Go through each line of the records below and count those with the word "Nancy". Give only the count.

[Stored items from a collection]
..........

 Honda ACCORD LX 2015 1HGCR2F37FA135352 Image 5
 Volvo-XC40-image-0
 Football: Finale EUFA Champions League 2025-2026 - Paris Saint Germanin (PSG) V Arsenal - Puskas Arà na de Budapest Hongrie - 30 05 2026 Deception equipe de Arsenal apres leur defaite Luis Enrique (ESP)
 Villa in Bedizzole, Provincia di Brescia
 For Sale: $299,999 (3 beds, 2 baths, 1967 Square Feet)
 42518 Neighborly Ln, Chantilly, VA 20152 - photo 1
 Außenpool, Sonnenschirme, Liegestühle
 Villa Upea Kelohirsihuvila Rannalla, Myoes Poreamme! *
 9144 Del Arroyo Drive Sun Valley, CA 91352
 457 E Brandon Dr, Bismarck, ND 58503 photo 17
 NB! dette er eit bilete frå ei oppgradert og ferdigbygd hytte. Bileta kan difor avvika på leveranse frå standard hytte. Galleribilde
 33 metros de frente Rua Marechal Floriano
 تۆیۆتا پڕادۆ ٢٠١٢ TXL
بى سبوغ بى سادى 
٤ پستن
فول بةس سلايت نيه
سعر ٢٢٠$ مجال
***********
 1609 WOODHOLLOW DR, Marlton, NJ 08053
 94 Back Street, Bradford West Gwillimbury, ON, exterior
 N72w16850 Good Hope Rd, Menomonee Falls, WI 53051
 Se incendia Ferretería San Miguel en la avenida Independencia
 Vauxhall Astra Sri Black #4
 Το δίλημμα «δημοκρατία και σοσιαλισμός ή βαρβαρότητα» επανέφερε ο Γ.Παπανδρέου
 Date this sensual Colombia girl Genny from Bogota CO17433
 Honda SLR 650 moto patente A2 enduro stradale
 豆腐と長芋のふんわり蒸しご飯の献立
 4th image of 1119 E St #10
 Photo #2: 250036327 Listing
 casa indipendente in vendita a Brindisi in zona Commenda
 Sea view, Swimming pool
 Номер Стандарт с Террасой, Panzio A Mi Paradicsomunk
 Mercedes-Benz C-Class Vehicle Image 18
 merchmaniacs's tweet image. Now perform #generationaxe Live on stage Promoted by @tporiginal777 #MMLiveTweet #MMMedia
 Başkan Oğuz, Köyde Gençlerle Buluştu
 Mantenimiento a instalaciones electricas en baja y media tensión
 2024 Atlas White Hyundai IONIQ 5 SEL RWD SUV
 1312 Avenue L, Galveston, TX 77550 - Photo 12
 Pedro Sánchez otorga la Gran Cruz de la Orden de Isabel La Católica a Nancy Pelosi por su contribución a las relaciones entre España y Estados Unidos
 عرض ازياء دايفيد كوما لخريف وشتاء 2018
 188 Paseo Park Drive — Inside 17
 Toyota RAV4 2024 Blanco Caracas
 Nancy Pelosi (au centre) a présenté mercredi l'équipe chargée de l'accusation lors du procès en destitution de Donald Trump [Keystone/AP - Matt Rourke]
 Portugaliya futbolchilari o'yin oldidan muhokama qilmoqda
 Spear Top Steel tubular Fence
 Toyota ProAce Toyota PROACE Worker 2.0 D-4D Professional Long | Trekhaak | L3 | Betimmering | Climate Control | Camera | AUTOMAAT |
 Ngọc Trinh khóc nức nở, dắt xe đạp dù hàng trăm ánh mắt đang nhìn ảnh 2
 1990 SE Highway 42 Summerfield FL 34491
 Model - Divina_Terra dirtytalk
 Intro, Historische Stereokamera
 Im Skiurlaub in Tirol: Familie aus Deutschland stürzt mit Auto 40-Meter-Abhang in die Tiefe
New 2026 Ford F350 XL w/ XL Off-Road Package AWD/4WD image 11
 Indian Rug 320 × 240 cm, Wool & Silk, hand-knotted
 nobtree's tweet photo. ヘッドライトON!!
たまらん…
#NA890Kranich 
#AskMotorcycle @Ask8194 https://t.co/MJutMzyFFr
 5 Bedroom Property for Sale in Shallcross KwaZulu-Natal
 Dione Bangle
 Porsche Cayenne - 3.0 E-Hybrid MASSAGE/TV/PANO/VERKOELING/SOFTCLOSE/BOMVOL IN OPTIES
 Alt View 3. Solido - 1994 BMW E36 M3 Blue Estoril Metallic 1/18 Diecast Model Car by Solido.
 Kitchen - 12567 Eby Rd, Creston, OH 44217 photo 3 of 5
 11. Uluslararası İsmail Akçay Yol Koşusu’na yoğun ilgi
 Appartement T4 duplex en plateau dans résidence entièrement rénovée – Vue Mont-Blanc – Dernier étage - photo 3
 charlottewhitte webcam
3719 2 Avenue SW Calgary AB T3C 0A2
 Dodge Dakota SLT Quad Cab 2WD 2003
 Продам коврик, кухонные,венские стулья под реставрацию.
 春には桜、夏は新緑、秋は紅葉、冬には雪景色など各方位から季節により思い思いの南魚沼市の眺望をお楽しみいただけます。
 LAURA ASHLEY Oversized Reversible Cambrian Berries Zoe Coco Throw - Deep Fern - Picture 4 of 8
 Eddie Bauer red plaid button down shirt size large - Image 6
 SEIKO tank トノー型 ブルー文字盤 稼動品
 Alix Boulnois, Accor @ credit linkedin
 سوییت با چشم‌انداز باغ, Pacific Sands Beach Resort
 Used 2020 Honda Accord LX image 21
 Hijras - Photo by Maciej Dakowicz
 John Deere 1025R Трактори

..........

TASK RESULT => 2